- _TASK REQUIREMENTS_
Return the lines below that contain the word "Twin".

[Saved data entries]
+===+

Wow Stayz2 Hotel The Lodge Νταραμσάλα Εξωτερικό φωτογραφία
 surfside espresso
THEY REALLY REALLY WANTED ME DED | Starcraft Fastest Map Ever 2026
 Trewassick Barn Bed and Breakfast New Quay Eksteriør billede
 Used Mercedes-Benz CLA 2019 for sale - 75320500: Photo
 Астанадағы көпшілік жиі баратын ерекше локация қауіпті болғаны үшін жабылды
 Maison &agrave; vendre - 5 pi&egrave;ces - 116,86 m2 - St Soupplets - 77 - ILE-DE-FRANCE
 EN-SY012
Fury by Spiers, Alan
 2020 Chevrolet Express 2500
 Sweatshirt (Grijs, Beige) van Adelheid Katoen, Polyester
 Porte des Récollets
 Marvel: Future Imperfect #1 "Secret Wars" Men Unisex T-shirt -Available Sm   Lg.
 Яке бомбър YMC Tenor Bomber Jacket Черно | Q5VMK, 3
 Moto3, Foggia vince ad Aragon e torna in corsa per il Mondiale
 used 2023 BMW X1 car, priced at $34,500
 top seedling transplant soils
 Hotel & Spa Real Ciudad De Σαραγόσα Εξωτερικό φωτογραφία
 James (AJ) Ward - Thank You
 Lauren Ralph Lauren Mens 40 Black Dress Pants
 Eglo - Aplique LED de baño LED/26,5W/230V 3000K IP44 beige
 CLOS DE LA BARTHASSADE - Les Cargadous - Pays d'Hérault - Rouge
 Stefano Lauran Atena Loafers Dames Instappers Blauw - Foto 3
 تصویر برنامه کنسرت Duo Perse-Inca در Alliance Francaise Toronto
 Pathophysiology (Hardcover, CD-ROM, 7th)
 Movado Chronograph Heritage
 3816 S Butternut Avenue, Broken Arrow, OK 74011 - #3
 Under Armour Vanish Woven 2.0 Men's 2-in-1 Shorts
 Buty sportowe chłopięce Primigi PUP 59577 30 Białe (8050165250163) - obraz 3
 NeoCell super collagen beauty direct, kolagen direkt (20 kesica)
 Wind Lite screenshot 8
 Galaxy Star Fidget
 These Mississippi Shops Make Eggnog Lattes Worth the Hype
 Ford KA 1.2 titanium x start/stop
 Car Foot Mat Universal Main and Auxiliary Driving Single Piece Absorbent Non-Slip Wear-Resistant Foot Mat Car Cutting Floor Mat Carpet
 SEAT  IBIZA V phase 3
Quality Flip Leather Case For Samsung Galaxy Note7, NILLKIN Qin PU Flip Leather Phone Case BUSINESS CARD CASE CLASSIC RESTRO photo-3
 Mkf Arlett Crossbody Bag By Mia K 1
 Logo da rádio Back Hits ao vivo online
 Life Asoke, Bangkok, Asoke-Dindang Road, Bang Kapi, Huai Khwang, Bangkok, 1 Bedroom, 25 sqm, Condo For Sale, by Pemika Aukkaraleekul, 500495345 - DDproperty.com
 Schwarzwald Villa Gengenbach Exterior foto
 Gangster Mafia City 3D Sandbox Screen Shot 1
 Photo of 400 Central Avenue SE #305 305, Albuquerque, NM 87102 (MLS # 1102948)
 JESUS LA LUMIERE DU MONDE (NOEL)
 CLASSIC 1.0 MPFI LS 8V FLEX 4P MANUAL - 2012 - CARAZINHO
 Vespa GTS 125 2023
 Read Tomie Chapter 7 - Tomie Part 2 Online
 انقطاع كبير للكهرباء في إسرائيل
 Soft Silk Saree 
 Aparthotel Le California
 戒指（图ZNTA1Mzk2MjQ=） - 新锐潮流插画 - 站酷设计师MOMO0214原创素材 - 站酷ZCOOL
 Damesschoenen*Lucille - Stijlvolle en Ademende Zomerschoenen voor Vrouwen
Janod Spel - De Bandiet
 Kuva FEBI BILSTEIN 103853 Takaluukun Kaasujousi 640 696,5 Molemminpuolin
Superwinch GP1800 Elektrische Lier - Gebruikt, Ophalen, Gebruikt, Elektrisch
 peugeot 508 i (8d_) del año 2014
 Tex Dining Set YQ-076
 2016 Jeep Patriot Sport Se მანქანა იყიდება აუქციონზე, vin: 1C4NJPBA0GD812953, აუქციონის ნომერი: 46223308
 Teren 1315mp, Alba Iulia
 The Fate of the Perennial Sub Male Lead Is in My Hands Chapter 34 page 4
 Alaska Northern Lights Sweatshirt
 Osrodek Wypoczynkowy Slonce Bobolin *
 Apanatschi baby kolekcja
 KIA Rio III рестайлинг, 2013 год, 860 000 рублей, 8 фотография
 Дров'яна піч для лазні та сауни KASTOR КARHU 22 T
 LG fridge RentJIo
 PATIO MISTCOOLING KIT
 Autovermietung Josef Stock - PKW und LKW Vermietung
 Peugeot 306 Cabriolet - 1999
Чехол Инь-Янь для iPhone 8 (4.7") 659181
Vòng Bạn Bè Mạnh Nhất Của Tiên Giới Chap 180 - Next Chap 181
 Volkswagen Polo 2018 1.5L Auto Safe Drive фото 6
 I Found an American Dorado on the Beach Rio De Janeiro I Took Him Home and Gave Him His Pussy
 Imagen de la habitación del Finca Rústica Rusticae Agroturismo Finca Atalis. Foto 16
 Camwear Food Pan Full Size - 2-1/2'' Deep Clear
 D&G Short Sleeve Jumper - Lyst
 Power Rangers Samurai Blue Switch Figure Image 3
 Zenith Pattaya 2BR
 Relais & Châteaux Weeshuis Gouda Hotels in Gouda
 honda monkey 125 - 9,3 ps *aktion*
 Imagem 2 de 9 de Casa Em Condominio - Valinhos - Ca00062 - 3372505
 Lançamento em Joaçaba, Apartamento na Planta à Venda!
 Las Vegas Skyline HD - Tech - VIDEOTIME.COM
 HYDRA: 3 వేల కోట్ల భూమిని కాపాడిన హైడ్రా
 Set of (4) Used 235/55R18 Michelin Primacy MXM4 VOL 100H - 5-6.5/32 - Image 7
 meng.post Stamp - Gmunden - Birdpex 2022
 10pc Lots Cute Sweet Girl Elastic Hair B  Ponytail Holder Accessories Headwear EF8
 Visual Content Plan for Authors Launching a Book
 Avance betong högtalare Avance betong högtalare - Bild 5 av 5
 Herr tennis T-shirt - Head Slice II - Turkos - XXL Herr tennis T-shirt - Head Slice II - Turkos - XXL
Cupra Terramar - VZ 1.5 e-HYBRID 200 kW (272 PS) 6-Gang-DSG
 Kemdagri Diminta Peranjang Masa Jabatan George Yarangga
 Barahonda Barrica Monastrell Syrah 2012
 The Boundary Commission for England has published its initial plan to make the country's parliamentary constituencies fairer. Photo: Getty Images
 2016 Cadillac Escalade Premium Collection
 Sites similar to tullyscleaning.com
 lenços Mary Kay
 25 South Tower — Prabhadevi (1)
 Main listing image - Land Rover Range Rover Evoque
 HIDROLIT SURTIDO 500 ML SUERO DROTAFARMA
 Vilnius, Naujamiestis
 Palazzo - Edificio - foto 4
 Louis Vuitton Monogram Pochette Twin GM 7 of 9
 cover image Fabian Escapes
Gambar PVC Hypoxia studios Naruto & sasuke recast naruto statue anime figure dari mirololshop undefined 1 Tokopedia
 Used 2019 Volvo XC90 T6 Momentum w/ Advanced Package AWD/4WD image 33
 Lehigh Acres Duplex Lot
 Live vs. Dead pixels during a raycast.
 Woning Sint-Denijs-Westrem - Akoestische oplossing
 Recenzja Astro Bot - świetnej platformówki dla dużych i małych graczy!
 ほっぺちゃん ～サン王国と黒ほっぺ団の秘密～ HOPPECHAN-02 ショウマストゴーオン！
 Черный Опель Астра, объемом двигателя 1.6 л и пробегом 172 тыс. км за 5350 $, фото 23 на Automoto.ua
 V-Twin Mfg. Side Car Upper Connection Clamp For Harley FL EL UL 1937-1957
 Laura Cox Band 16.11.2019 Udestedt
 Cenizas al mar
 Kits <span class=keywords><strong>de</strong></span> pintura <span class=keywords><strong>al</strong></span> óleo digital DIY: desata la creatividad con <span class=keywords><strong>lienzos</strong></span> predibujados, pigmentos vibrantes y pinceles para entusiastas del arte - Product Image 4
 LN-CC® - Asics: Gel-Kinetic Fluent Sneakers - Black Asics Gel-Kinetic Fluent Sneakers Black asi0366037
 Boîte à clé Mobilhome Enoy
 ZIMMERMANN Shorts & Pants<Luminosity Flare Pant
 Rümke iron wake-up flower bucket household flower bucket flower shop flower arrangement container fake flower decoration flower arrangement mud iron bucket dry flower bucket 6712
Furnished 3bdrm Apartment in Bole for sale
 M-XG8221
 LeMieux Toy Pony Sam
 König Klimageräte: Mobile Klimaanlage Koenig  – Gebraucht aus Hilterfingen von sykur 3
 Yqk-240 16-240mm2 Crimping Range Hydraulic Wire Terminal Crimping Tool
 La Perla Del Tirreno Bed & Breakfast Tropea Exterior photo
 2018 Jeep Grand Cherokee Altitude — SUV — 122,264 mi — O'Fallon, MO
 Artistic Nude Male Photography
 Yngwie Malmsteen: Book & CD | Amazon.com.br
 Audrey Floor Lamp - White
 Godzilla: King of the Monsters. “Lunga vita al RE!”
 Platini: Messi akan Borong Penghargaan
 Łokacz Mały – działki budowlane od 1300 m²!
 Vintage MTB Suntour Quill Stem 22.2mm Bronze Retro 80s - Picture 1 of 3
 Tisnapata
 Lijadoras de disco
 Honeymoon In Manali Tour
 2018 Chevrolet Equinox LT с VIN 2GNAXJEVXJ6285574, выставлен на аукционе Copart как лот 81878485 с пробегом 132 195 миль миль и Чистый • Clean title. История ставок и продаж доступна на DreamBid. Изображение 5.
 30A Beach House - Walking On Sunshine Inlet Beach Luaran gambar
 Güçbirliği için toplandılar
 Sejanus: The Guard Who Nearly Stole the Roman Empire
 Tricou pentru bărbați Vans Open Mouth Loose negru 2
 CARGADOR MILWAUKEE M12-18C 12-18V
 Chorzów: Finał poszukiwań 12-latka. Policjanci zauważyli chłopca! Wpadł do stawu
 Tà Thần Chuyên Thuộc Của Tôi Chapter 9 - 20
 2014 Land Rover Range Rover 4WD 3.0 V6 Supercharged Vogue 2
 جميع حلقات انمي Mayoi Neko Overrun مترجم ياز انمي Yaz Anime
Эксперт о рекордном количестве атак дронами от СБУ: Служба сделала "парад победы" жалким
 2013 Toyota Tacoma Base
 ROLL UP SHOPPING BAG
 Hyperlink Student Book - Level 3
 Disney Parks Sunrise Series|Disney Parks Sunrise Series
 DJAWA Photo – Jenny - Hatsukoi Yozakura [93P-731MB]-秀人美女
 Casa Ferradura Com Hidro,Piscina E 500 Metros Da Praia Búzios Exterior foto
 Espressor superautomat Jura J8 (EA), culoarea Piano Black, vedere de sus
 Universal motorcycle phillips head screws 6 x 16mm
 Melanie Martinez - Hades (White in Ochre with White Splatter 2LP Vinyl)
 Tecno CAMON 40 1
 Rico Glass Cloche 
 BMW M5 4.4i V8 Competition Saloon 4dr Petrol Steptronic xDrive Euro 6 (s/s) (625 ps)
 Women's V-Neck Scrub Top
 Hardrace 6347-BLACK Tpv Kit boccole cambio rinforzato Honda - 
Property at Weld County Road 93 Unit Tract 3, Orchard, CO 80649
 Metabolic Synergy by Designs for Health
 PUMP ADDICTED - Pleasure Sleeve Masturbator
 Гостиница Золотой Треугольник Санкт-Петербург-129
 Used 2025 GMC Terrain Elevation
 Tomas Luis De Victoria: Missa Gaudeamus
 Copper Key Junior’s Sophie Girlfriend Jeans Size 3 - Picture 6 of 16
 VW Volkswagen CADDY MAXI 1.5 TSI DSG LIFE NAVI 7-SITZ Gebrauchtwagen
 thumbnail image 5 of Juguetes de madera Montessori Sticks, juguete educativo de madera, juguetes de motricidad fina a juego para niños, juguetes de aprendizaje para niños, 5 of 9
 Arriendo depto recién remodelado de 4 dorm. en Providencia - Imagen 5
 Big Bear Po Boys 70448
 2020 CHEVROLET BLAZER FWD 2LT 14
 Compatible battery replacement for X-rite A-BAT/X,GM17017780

+===+

- _YOUR RESPONSE_
 Louis Vuitton Monogram Pochette Twin GM 7 of 9
 V-Twin Mfg. Side Car Upper Connection Clamp For Harley FL EL UL 1937-1957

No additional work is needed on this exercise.